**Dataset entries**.
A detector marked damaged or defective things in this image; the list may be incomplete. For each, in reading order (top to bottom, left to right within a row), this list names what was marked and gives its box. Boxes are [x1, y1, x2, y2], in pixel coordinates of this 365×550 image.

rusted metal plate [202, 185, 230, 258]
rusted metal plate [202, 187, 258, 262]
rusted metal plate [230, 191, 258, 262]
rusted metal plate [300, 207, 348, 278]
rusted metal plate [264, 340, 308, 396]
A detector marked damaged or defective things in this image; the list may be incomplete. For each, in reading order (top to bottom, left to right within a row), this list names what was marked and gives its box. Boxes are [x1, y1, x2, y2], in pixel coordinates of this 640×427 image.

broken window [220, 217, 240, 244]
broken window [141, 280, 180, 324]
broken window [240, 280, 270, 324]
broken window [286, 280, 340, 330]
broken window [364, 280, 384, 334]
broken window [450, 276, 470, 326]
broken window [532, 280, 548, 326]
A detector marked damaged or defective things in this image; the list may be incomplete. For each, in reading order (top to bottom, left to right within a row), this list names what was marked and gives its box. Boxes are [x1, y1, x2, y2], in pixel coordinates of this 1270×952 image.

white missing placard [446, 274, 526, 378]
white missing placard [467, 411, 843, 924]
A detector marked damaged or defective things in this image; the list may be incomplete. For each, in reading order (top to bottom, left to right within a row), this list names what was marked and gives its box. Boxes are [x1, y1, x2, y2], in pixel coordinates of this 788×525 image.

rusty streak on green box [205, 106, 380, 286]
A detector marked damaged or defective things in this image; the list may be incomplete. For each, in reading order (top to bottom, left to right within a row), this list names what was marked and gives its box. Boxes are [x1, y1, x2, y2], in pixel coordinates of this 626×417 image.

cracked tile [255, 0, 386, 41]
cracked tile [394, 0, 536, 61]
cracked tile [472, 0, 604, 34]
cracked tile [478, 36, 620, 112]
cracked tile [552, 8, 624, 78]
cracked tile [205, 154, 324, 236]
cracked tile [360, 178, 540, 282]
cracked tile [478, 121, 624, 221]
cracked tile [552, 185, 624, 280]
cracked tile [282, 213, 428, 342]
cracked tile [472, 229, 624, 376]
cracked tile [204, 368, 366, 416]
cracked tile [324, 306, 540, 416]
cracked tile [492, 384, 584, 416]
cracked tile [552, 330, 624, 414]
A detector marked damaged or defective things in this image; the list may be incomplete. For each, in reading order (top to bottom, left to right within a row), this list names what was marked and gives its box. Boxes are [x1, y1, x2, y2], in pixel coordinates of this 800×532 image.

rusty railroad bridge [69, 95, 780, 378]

**Task brief**.
Reproduce the data exactly, character for character.

**Answer to this problem**.
A detector marked damaged or defective things in this image; the list may be incomplete. For each, in reading order (top to bottom, left to right within a row), this list names what was marked and gives its box. Boxes are [x1, y1, x2, y2], in pixel coordinates of this 365×550 image.

rusted metal plate [202, 185, 230, 258]
rusted metal plate [202, 187, 258, 262]
rusted metal plate [230, 191, 258, 262]
rusted metal plate [300, 207, 348, 278]
rusted metal plate [264, 340, 308, 396]
A detector marked damaged or defective things in this image; the list may be incomplete. For each, in reading order (top to bottom, left to right within a row), this list names what was marked and gives its box. Boxes are [x1, y1, x2, y2], in pixel coordinates of this 640×427 image.

broken window [220, 217, 240, 244]
broken window [141, 280, 180, 324]
broken window [240, 280, 270, 324]
broken window [286, 280, 340, 330]
broken window [364, 280, 384, 334]
broken window [450, 276, 470, 326]
broken window [532, 280, 548, 326]
A detector marked damaged or defective things in this image; the list may be incomplete. For each, in reading order (top to bottom, left to right within a row), this list names what was marked and gives its box. Boxes are [x1, y1, x2, y2], in pixel coordinates of this 1270×952 image.

white missing placard [446, 274, 526, 378]
white missing placard [467, 411, 843, 924]
A detector marked damaged or defective things in this image; the list may be incomplete. For each, in reading order (top to bottom, left to right within a row), this list names what was marked and gives its box. Boxes are [x1, y1, x2, y2], in pixel coordinates of this 788×525 image.

rusty streak on green box [205, 106, 380, 286]
A detector marked damaged or defective things in this image; the list may be incomplete. For each, in reading order (top to bottom, left to right within a row), this list names what was marked and gives its box. Boxes are [x1, y1, x2, y2], in pixel coordinates of this 626×417 image.

cracked tile [255, 0, 386, 41]
cracked tile [394, 0, 536, 61]
cracked tile [472, 0, 604, 34]
cracked tile [478, 36, 620, 112]
cracked tile [552, 8, 624, 78]
cracked tile [205, 154, 324, 236]
cracked tile [360, 178, 540, 282]
cracked tile [478, 121, 624, 221]
cracked tile [552, 185, 624, 280]
cracked tile [282, 213, 428, 342]
cracked tile [472, 229, 624, 376]
cracked tile [204, 368, 366, 416]
cracked tile [324, 306, 540, 416]
cracked tile [492, 384, 584, 416]
cracked tile [552, 330, 624, 414]
A detector marked damaged or defective things in this image; the list may be incomplete. For each, in reading order (top to bottom, left to right within a row), this list names what was marked and gives its box. Boxes are [x1, y1, x2, y2], in pixel coordinates of this 800×532 image.

rusty railroad bridge [69, 95, 780, 378]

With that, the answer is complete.